What you describe is very similar to the idea behind Kerberos, but it stops short of actually solving the problems Kerberos solves.
Knowing both AES(A,B) and AES(B,A) would certainly help an attacker by allowing them to authoritatively test for a valid decryption; if they knew neither, but found some candidates for A,B with m1=AES(A,B), they could test that AES(B,A)=m2 where m2 is the other intercepted message. However, this is really the least of your worries.
AES keys have to be a particular length. You haven't mentioned how your key derivation works, so I won't talk about that.
Really, the correct model for doing this kind of thing is to derive a key from the user's password on the client node. The server knows a key that can be used to encrypt data such that the client can decrypt it, and on request creates an authentication token which it sends to the requester thus encrypted. The token is useless to anyone who doesn't know the user's (private) key, so it's safe to send to whoever. The user then decrypts it and is authenticated.
The user doesn't need to immediately send this token back; the server can assume whoever can present it is authenticated as the user it was issued for.
Now, I'll solve some other problems by adding to the model: the thing sent from the server to the client is not a token, but another key. The user, provided they can decrypt the key, can use that key to sign requests. That way, nothing sensitive has to traverse the network in the clear and there isn't even much need for establishing a trusted channel.
Kerberos takes this a step further by allowing this key to be used to issue still more keys, and has some other concepts, which allow a user to sign in one place to authenticate to another. There are also some nonces to prevent replay attacks, and stuff. However, so far as your solution deviates from this model, it is suboptimal.

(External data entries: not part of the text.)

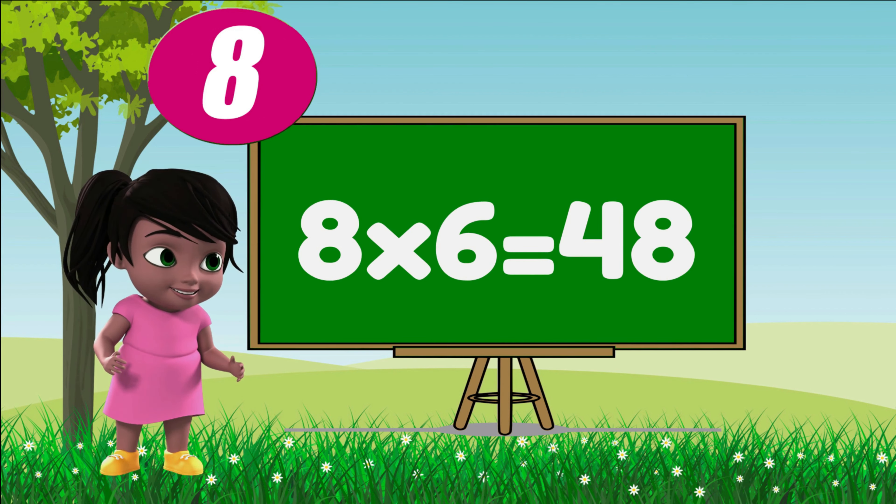Eight sevens are fifty-six, eight sevens are fifty-six. Eight eights are sixty-four, eight eights are sixty-four. Eight nines are seventy-two, eight nines are seventy-two. Eight tens are eighty, eight tens are eighty.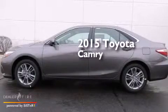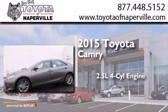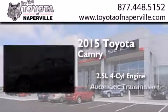This is a brand new 2015 Toyota Camry. It features a 2.5-liter four-cylinder engine and an automatic transmission.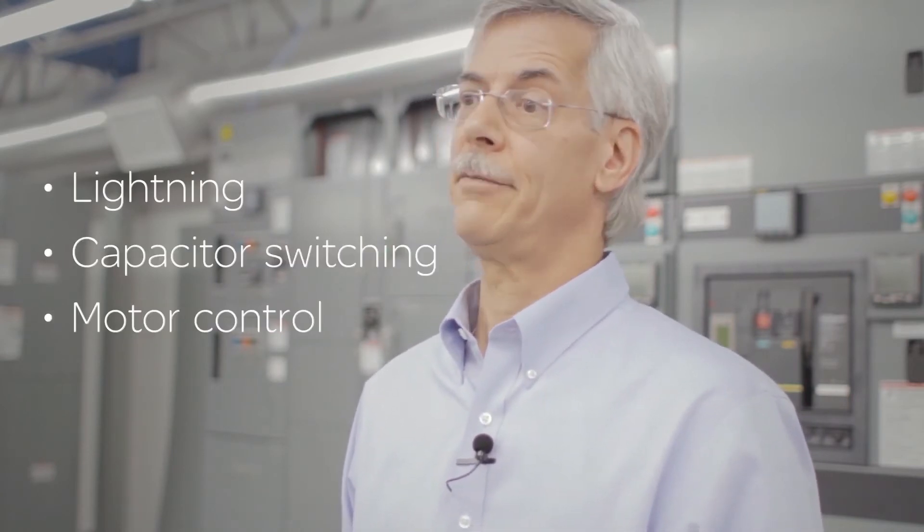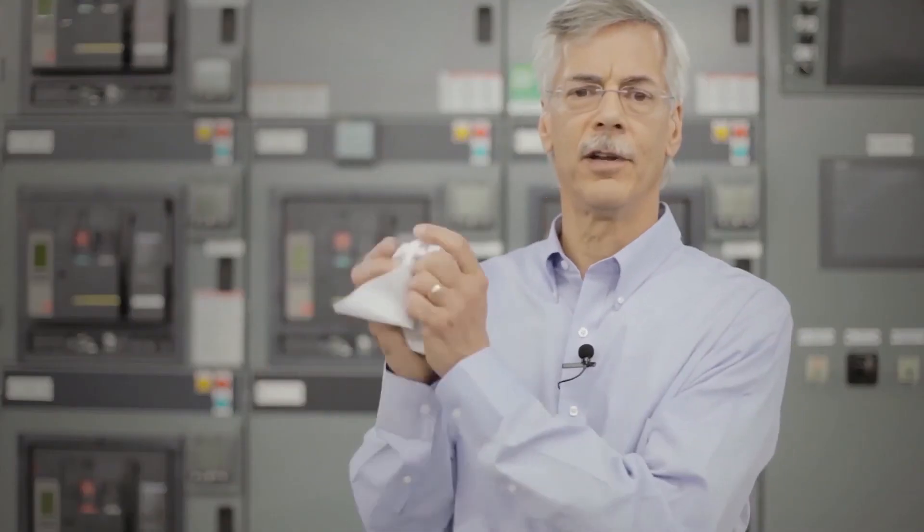To illustrate the impact of transients, let's use this sheet of paper. If I crumple it up, I can still write on it. If I crumple it up again, I can still use it. I crumple it again, but eventually it fails. That's exactly how a voltage transient impacts electrical components — the voltage spike chips away at the electrical insulation, eventually causing it to fail.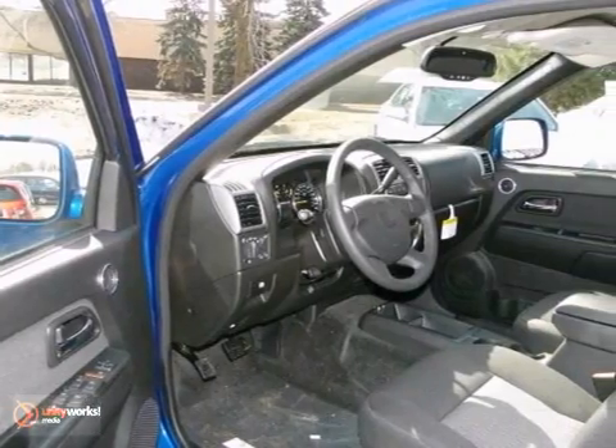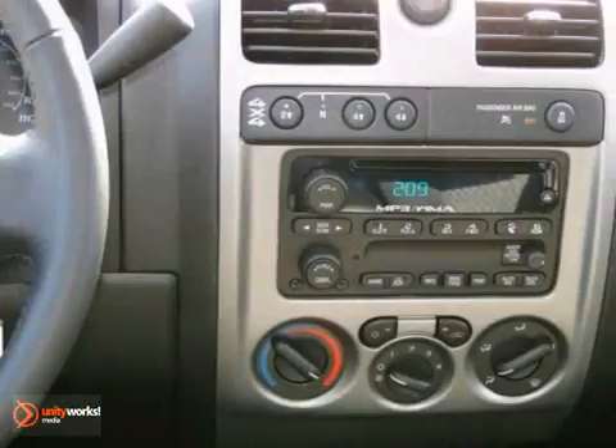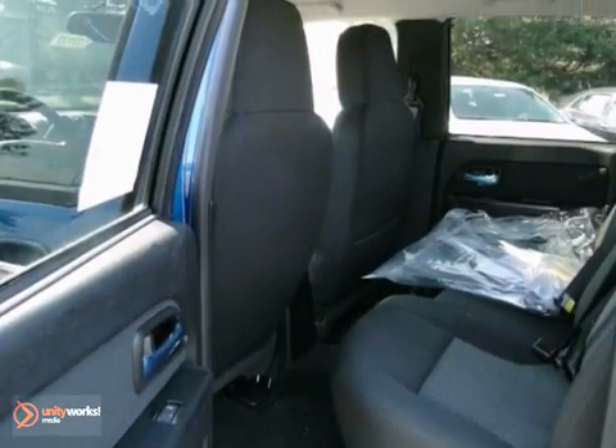Comfort shouldn't have to be sacrificed. That's why it's loaded with an AM-FM radio and air conditioning. The security system will make sure this great truck stays wherever you park it.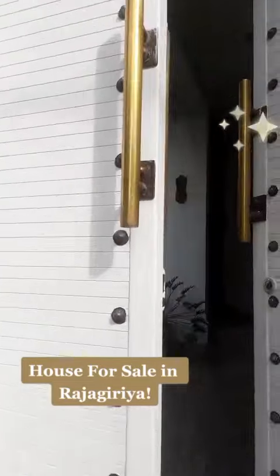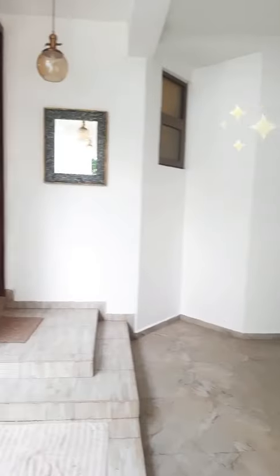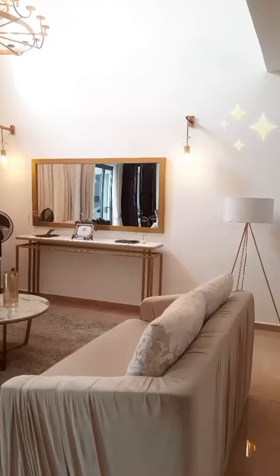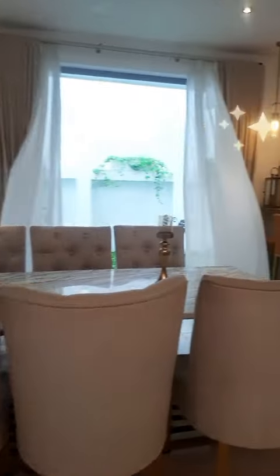Hello guys! Today we are looking at a two-storied house in Rajagiriya, 8.2 perches, 3,300 square feet. Also the interior has been done to a gold and white theme.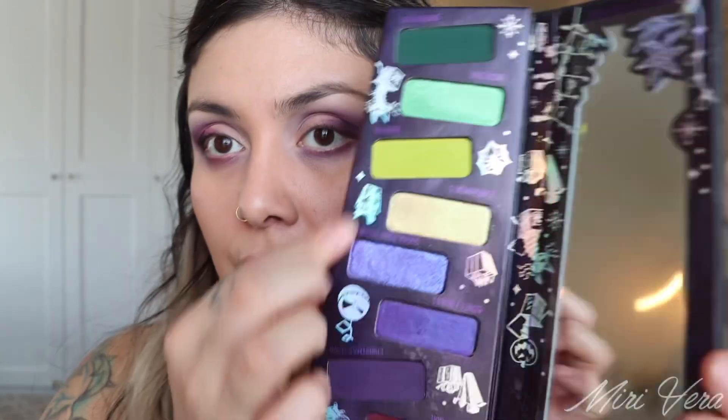I'm going to jump into this purple shimmer here which is called Sugar Plum Visions. I already have my NYX Glitter Glue on and it's going to go right in the middle.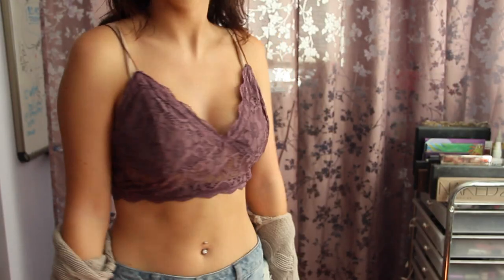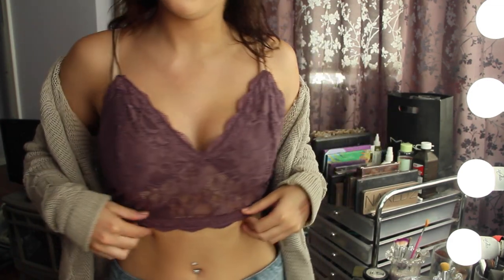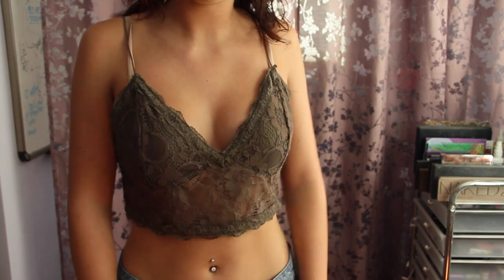Now onto clothes. I'm starting with the crop top I'm actually wearing right now — I got this from Wet Seal for $6. It's a bralette with a zipper up the side. I got it in purple, which I'm wearing now, and also in this forest green which I think is so beautiful — it makes my eyes pop. I love both of these so much.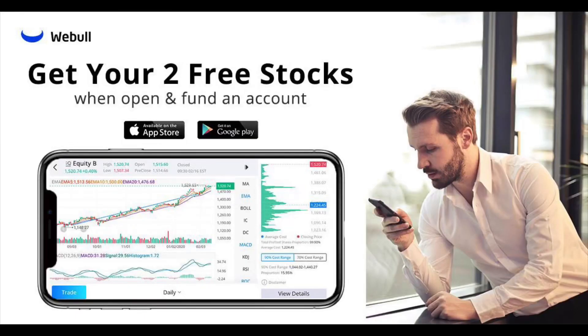What's up YouTube? This video is brought to you by WeBull. If you'd like to help out the channel and get two free stocks, check out the link below. Hey, I'm Chris. If you're new here, I make videos about personal finance and how to invest and build wealth through the stock market.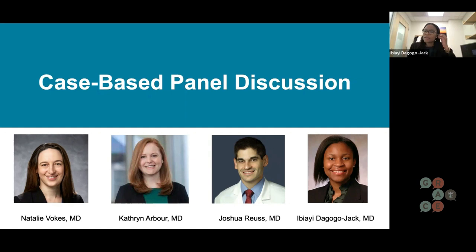Welcome everyone to our case-based panel discussion today. I'm Abi-Dagogo Jack, accompanied by three excellent physicians: Natalie Vokes, Katherine Arbor, and Joshua Royce. I'm going to call everyone by their first names. Today we're hoping to discuss three cases and how we think about management. These are quite diverse cases with a variety of presentations, and I think there's a lot of opportunity for discussion — we may have differences in our practice patterns.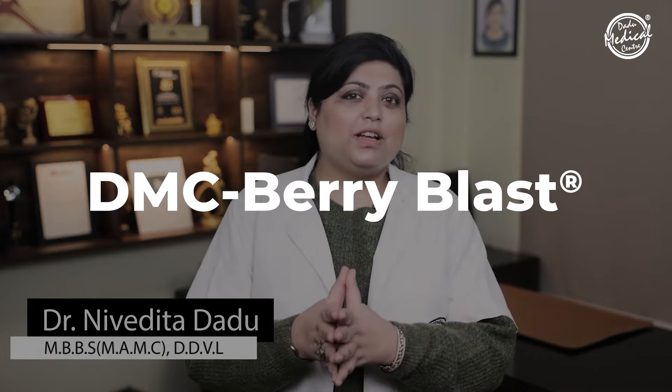In today's video, I'm going to talk about DMC Beriblast and how DMC Beriblast becomes a 360-degree solution for all your acne-related issues, and why DMC Beriblast is the hottest selling treatment at Dadoo Medical Center. DMC Beriblast is a specialized non-surgical, non-laser treatment that works effortlessly on your active acne as well as post-acne redness and brown marks.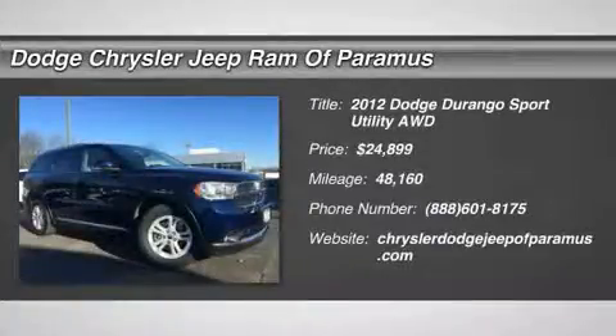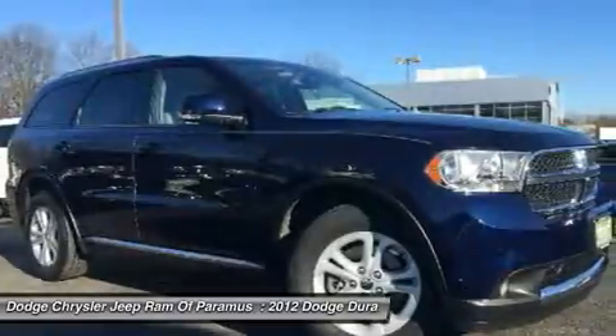2012 Durango. The Durango allows you and your family to travel in style and comfort while towing your camper or boat.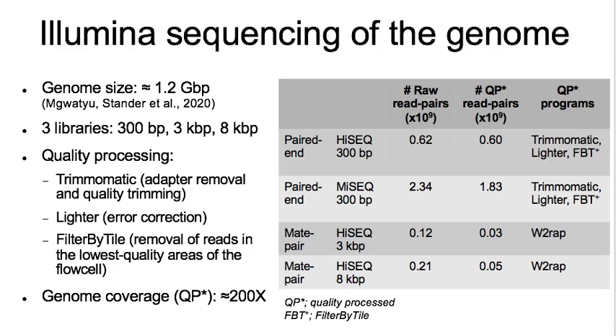For Illumina sequencing, three libraries were constructed: one paired-end 300 base pair insert library, which was sequenced using MiSeq and HiSeq, and two mate-pair libraries with insert sizes of 3 and 8 kilobase pairs, sequenced using HiSeq. The data was quality processed using Trimmomatic for removal of adapter sequences and quality trimming, Lighter for error correction, and Filter by Tile for removal of reads in the lowest quality areas of the flow cell.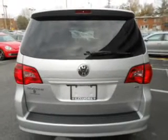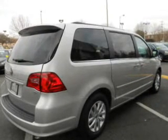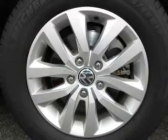GPS navigation will guide you to your destination. Premium wheels lend a distinctive appearance. Anti-lock brakes help you bring your vehicle to a safe stop.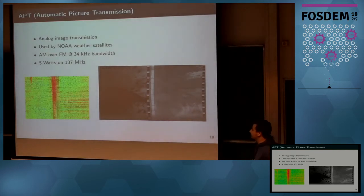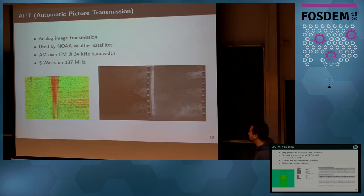Another interesting decoder is the Automatic Pixel Transmission (APT) decoder. It's an analog transmission scheme using signals from NOAA weather satellites orbiting Earth in a polar orbit. It is AM over FM at the VHF band. You can see the spectrum on the left and the resulting image on the right. We use synchronization patterns in the image to properly align it.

The highlight here is that you don't want the plaintext password anywhere, least of all on the server, and you really don't need to be sending it across the network or verifying it. But, instead of redesigning your system to match, just use one of the numerous challenge-response authentication methods already implemented and audited and available.
Attacks against your scheme are possible, but what attacks in particular depends on whether your token (the big number you refer to) is properly treated as an nonce, how big it is, how you derive keys from passwords (and nonces), how you treat the password on the server, how the nonce is generated, and some other things. The primary line of attack I would choose is to predict the nonce and use that to decrypt the password, validating against the traffic in the other direction.